Author: Mark Alexander Bain
A pipe is a means by which the output from one process becomes the input to a second. In technical terms, the standard output (stout) of one command is sent to the standard input (stdin) of a second command. If you are not sure of the advantages this creates, then let’s look at a simple example.
In this example, we’ll send a directory listing to an email account.
ls -l ~ > ls.tmp
mail -s "Home directory listing" info@markbain-writer.tk < ls.tmp
This works well, but it’s rather cumbersome and requires the creation of an interim file.
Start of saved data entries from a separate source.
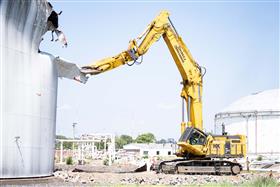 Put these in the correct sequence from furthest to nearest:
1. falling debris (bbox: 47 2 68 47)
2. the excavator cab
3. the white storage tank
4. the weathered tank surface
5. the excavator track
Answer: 1. the white storage tank
2. the excavator track
3. the excavator cab
4. falling debris (bbox: 47 2 68 47)
5. the weathered tank surface

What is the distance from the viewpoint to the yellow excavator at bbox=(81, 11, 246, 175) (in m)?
29.5

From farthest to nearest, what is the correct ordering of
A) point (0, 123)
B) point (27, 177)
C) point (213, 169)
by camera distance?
point (213, 169)
point (27, 177)
point (0, 123)

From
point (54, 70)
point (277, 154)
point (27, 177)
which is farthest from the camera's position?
point (277, 154)

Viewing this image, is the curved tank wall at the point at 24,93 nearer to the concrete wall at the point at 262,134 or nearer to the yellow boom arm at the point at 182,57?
the yellow boom arm at the point at 182,57

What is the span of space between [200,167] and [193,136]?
1.87 metres

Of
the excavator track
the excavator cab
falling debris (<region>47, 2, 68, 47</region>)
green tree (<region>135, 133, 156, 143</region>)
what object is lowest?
the excavator track

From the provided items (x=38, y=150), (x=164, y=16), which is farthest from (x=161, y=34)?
(x=38, y=150)

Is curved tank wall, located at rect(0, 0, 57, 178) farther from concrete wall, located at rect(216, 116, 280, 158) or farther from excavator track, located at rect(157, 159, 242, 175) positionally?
concrete wall, located at rect(216, 116, 280, 158)

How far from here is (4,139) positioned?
1581 cm

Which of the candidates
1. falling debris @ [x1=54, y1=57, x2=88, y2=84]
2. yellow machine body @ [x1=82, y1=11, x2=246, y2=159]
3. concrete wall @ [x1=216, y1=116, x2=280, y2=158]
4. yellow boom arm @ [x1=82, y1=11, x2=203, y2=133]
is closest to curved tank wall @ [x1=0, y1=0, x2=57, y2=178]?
falling debris @ [x1=54, y1=57, x2=88, y2=84]

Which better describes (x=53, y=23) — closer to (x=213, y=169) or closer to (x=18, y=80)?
(x=18, y=80)

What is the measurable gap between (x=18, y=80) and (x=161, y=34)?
15.6m

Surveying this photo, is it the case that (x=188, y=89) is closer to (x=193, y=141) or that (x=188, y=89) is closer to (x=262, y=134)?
(x=193, y=141)

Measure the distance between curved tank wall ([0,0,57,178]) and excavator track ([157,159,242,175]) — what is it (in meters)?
12.8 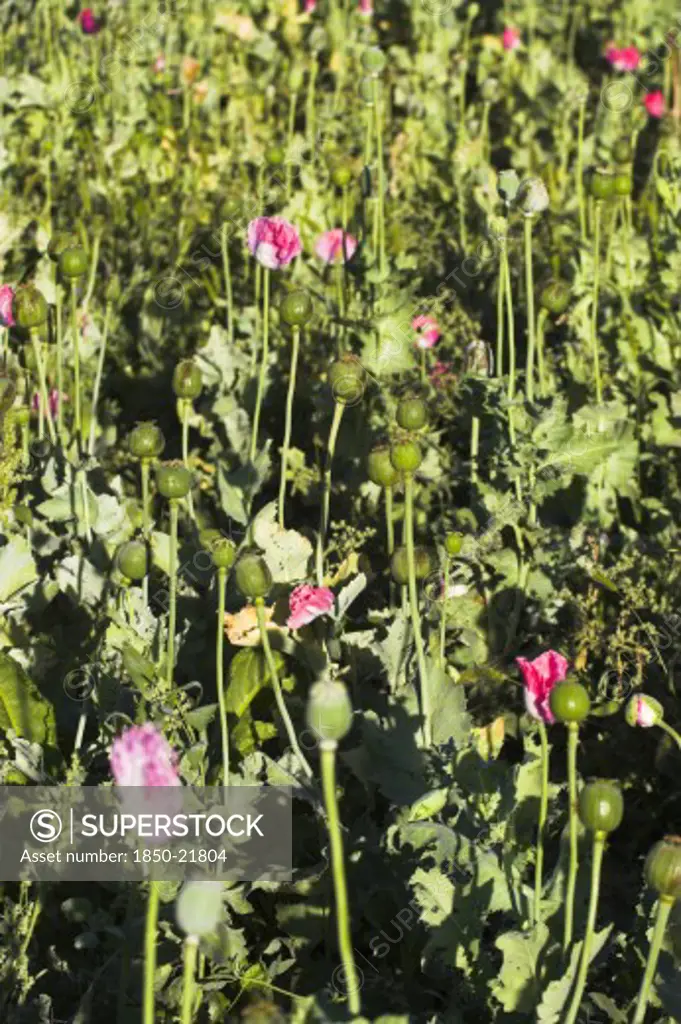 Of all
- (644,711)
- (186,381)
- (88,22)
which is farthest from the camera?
(88,22)

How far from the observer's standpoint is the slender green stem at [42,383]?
81.7 inches

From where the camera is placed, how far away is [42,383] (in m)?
2.16

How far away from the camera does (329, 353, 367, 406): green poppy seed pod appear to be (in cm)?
192

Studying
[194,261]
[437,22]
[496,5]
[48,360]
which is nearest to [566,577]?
[48,360]

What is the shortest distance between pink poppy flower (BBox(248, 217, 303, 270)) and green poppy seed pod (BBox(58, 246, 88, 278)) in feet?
0.93

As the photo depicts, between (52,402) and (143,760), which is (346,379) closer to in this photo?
(52,402)

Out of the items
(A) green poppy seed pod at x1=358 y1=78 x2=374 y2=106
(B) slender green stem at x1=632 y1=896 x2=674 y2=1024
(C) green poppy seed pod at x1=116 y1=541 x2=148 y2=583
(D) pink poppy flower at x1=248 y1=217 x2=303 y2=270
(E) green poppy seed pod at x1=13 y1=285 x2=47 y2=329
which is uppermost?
(A) green poppy seed pod at x1=358 y1=78 x2=374 y2=106

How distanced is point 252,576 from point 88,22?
109 inches

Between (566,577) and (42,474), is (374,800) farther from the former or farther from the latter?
(42,474)

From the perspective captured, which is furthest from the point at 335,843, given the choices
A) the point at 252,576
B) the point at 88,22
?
the point at 88,22

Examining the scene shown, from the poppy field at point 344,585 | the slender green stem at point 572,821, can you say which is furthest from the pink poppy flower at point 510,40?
the slender green stem at point 572,821

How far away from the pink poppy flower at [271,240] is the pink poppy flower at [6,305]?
0.38 m

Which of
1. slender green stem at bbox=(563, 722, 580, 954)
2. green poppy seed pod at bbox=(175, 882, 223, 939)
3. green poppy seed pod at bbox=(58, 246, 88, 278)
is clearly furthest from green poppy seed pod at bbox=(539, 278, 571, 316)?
green poppy seed pod at bbox=(175, 882, 223, 939)

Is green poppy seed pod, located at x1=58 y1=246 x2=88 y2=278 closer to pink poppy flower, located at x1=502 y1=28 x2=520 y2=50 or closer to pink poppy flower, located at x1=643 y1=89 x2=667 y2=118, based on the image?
pink poppy flower, located at x1=643 y1=89 x2=667 y2=118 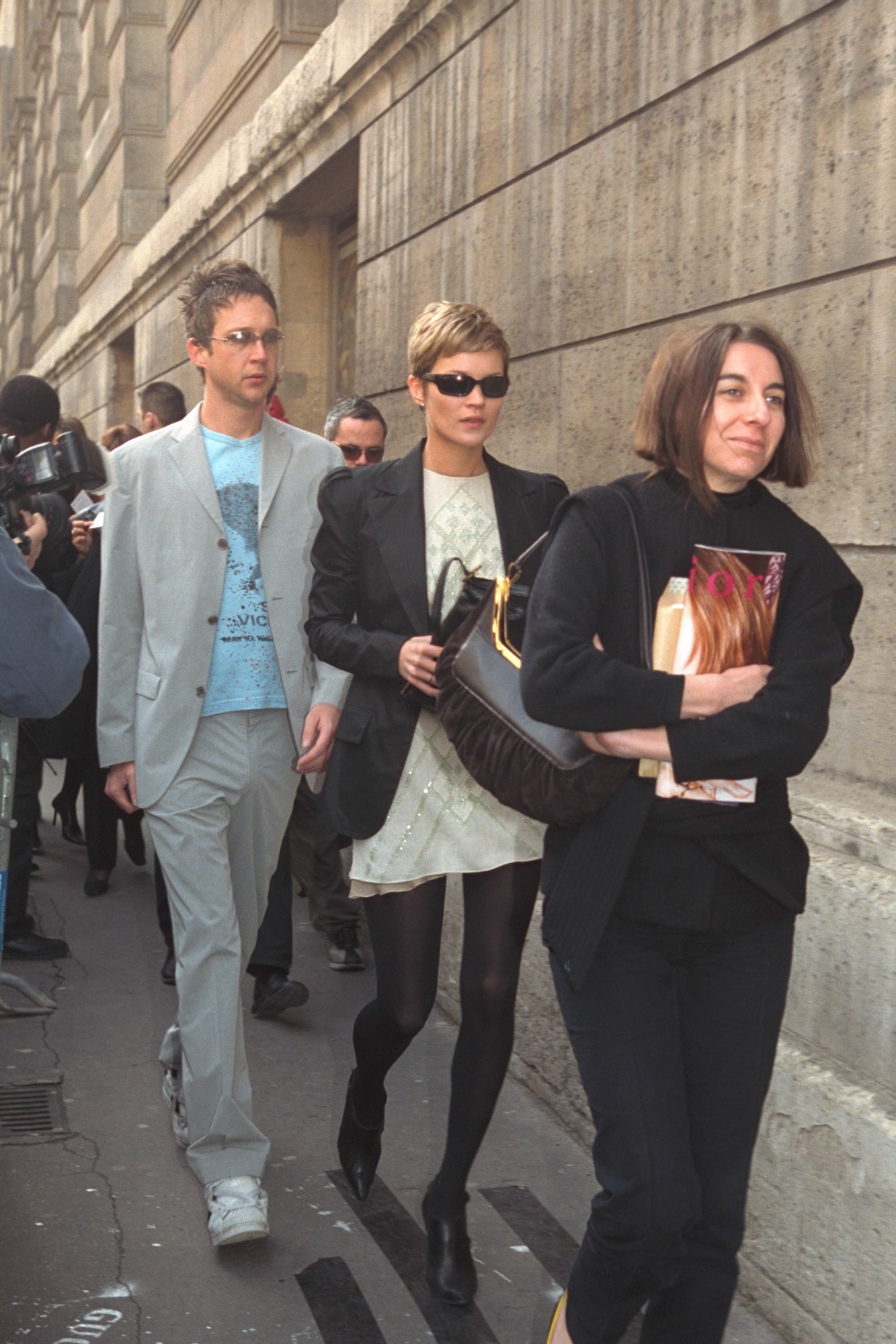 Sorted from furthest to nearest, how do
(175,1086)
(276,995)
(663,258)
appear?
(276,995) < (663,258) < (175,1086)

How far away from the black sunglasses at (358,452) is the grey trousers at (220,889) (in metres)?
2.03

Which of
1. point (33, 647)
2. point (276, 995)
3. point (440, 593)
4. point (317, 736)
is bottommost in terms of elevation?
point (276, 995)

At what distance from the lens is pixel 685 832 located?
2.53m

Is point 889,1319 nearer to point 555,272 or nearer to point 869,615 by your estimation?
point 869,615

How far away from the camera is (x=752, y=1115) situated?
259 centimetres

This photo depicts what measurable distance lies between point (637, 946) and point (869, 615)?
1332 millimetres

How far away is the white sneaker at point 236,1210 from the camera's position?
356 cm

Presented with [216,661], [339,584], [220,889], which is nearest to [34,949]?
[220,889]

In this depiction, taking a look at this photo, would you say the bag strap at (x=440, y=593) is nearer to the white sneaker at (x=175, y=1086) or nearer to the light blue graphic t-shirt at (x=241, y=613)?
the light blue graphic t-shirt at (x=241, y=613)

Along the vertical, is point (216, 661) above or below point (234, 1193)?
above

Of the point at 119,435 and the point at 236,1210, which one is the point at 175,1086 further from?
the point at 119,435

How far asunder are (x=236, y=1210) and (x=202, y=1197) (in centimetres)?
35

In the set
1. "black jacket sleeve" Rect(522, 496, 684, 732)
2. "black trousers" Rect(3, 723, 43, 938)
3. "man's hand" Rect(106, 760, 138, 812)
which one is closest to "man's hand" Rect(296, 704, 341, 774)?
"man's hand" Rect(106, 760, 138, 812)

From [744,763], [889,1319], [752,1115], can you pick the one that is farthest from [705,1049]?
[889,1319] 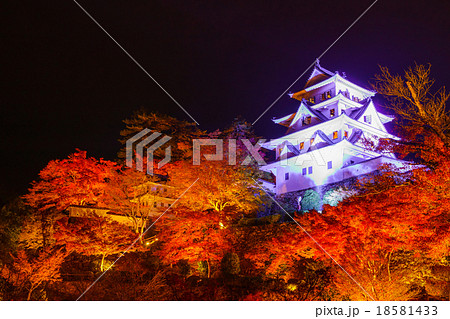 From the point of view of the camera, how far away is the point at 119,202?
24.3m

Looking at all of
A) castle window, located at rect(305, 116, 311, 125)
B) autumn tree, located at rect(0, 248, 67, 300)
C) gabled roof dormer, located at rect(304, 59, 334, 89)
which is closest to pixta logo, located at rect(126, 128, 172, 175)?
castle window, located at rect(305, 116, 311, 125)

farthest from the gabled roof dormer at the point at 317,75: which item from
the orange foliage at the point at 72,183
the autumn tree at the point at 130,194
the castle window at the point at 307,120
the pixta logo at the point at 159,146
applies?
the orange foliage at the point at 72,183

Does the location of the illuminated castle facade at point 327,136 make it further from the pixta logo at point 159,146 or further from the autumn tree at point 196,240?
the autumn tree at point 196,240

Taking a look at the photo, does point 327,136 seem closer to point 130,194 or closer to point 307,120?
point 307,120

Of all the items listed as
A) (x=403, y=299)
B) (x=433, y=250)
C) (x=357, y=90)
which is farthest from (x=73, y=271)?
(x=357, y=90)

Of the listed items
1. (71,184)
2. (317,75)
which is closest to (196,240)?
(71,184)

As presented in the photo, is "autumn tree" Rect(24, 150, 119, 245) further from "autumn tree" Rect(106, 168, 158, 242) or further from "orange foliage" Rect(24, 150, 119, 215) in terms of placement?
"autumn tree" Rect(106, 168, 158, 242)

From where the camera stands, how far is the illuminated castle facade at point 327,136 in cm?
2703

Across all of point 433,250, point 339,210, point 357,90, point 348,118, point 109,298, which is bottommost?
point 109,298

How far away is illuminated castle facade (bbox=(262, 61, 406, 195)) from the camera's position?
27031 mm

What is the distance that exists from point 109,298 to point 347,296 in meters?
9.82

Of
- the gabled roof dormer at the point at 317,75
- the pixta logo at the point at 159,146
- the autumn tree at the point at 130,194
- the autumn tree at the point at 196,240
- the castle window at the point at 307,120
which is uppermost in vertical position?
the gabled roof dormer at the point at 317,75

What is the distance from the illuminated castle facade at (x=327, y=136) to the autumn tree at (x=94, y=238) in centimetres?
1476

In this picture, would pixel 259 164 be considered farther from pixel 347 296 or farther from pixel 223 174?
pixel 347 296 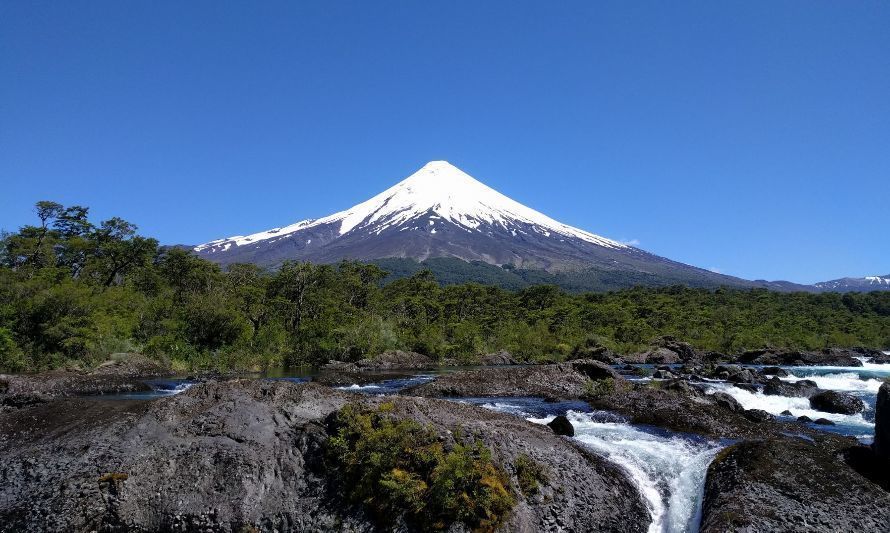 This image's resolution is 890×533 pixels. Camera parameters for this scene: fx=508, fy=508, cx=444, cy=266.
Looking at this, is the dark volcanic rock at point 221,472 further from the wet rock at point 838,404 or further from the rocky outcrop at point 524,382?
the wet rock at point 838,404

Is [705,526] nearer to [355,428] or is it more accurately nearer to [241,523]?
[355,428]

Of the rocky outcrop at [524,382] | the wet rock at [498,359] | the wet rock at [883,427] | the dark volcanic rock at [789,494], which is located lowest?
the wet rock at [498,359]

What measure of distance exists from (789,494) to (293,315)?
4749cm

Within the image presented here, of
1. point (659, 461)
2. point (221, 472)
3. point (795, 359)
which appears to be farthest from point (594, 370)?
point (795, 359)

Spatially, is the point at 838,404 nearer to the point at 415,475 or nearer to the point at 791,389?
the point at 791,389

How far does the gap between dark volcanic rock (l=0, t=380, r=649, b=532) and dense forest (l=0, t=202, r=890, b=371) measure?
24.7m

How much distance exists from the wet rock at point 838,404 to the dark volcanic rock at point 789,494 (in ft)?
36.1

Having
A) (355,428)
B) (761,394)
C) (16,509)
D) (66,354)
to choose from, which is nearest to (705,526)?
(355,428)

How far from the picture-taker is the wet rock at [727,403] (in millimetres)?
14805

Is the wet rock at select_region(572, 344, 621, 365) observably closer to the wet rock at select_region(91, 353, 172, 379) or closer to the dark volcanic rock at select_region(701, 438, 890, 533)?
the wet rock at select_region(91, 353, 172, 379)

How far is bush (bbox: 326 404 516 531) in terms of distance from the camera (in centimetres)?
644

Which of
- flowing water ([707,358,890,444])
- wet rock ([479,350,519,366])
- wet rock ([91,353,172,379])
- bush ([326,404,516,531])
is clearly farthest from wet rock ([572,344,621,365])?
bush ([326,404,516,531])

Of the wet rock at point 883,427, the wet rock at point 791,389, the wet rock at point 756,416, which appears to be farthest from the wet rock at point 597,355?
the wet rock at point 883,427

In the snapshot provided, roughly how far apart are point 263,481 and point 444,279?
518 feet
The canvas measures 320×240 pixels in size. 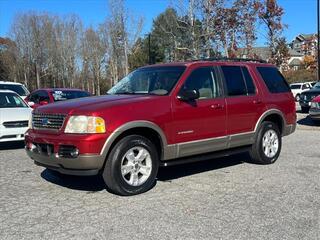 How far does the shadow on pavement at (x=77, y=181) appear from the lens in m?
6.76

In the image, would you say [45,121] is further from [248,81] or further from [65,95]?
[65,95]

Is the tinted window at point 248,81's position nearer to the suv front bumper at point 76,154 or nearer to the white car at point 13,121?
the suv front bumper at point 76,154

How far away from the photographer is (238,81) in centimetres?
798

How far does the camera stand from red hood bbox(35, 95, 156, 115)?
604cm

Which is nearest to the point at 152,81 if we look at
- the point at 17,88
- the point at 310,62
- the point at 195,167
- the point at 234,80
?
the point at 234,80

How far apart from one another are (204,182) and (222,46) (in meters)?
29.7

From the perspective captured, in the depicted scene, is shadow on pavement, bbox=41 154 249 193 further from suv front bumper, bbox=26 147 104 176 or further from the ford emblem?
the ford emblem

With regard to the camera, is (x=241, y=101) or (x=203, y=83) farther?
(x=241, y=101)

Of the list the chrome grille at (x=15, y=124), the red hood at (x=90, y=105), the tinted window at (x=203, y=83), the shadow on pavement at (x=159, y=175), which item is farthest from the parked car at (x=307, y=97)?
the red hood at (x=90, y=105)

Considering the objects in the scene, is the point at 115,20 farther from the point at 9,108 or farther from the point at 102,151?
the point at 102,151

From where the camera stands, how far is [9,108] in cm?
1148

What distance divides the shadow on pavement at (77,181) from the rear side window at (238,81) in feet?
8.59

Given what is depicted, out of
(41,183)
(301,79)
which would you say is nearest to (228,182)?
(41,183)

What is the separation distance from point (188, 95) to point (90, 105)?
1463 millimetres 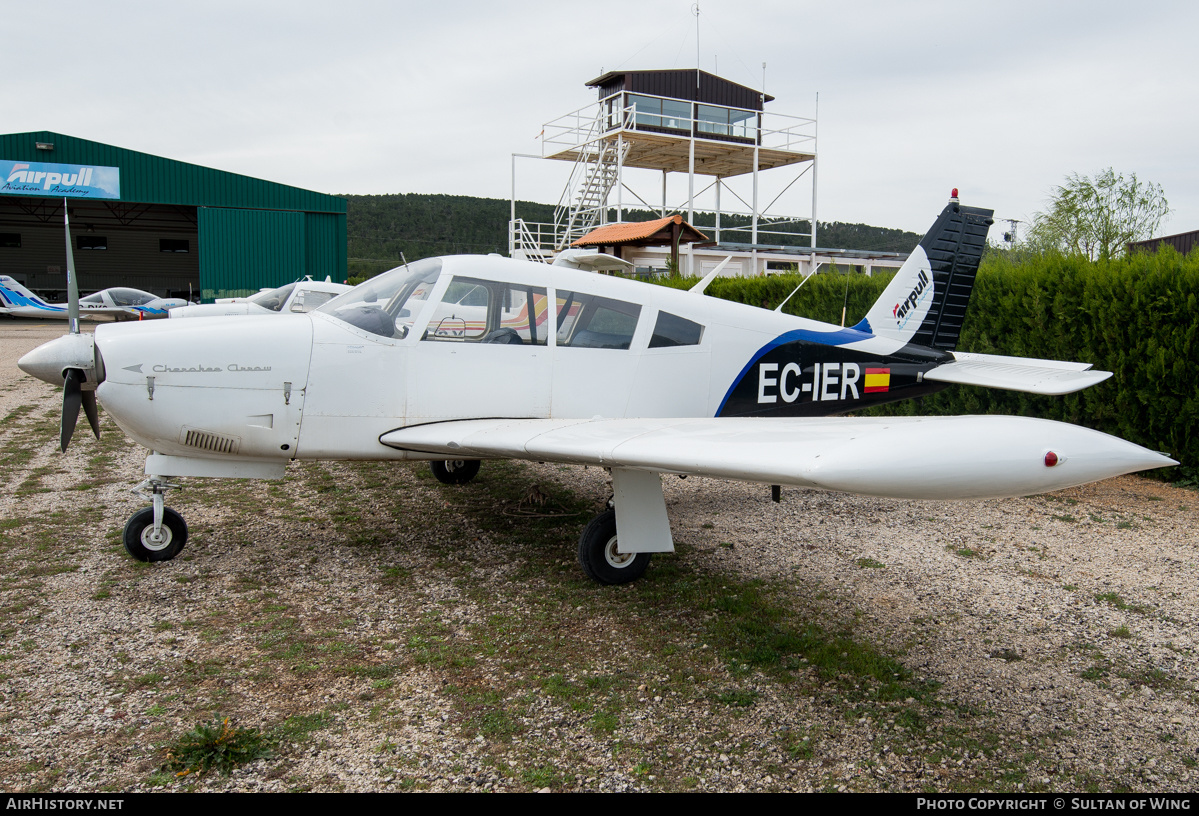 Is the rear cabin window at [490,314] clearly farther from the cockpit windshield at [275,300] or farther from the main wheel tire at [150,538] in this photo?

The use of a pipe allows a simpler command structure and needs no extra files:
ls -l ~ | mail -s "Home directory listing" info@markbain-writer.tk
You will notice that a pipe is defined by the | symbol — not an uppercase i or the number one, but a vertical bar.
Introducing the filter
A pipe can pass the standard output of one operation to the standard input of another, but a filter can modify the stream. A filter takes the standard input, does something useful with it, and then returns it as a standard output. Linux has a large number of filters. Some useful ones are the commands awk
, grep
, sed
, spell
, and wc
.
If we look back at the our pipe example from above, we see that it gives an output something like:
drwxr-xr-x 4 bainm users 4096 2005-06-05 16:31 Desktop/ drwxr-xr-x 5 bainm users 4096 2004-11-15 00:00 GNUstep/ drwx------ 11 bainm users 4096 2005-06-04 18:02 Mail/ -rw-r--r-- 1 bainm users 10240 2005-01-06 20:36 New_database.kexi drwxr-xr-x 5 bainm users 4096 2005-05-27 12:53 OpenOffice.org1.1.2/ -rwxr-xr-x 1 bainm users 548788 2004-10-20 19:45 Project1* drwxr-xr-x 3 bainm users 4096 2004-10-18 10:52 Projects/ -rw-r--r-- 1 bainm users 4242 2004-10-20 19:45 Unit1.dcu drwxr-xr-x 3 bainm users 4096 2005-05-24 11:59 XamXpm/ drwxr-xr-x 11 bainm users 4096 2005-06-03 10:26 articles/ drwxr-xr-x 2 bainm users 4096 2005-05-30 15:09 backup/
Let’s say that in our email we require only files (not directories) sorted by the largest first and showing only the file name, owner, date last modified, and file size (in that order). To do this, we can use three of the Linux filters: awk
(to format), grep
(to remove the unwanted lines) and sort
(to get the lines in the correct order). In between each filter, we can use a pipe to pass on the result from the individual operations.
The first filter (grep
) removes any directories from the list by excluding any lines that start with a leading “d”:
grep -v "^d"
The next filter (awk
) extracts the required fields (file name, user name, access date and time, and file size). It also places the file size at the start line so that the data is ready for sorting:
awk '{print $5, $8, $3, $6, $7}'
Obviously, the next filter sorts the data:
sort -nr
And the final filter (another awk
) formats the data ready to be emailed:
awk '{print $2 "t" $3 "t" $4, $5 "t" $1}'
Finally, all we have to do is join the filters together with pipes:
ls -l ~ |
grep -v "^d" |
awk '{print $5, $8, $3, $6, $7}' |
sort -nr |
awk '{print $2 "t" $3 "t" $4, $5 "t" $1}' |
mail -s "File List" info@markbain-writer.tk
}
The result is something like:
backup.zip bainm 2005-05-30 13:03 1139563 Project1* bainm 2004-10-20 19:45 548788 Delphi_job_spec.rtf bainm 2004-10-14 13:37 217524 output.ps bainm 2004-12-01 21:22 166465 print.pdf bainm 2005-03-06 20:50 47266 kstars.png bainm 2005-03-05 17:35 20586 driving.htm bainm 2004-11-04 21:46 14977 comp.htm* root 2004-08-05 18:29 11101 New_database.kexi bainm 2005-01-06 20:36 10240 projections.sxc bainm 2004-12-21 13:33 7597 testhtml.sxw bainm 2005-01-06 11:33 5529
The pipes and filters allow us to create an elegant piece of scripting. Now, instead of five individual commands, we have a single, flowing process.
Some useful filters
There are many Linux commands that are filters, in addition to awk
, grep
, and sort
. Two filters to consider are tr
(translate) and sed
(stream edit). Both commands allow you to modify the stream — tr
for simple changes and sed
for the more complex. For example, you can use tr [a-z] [A-Z]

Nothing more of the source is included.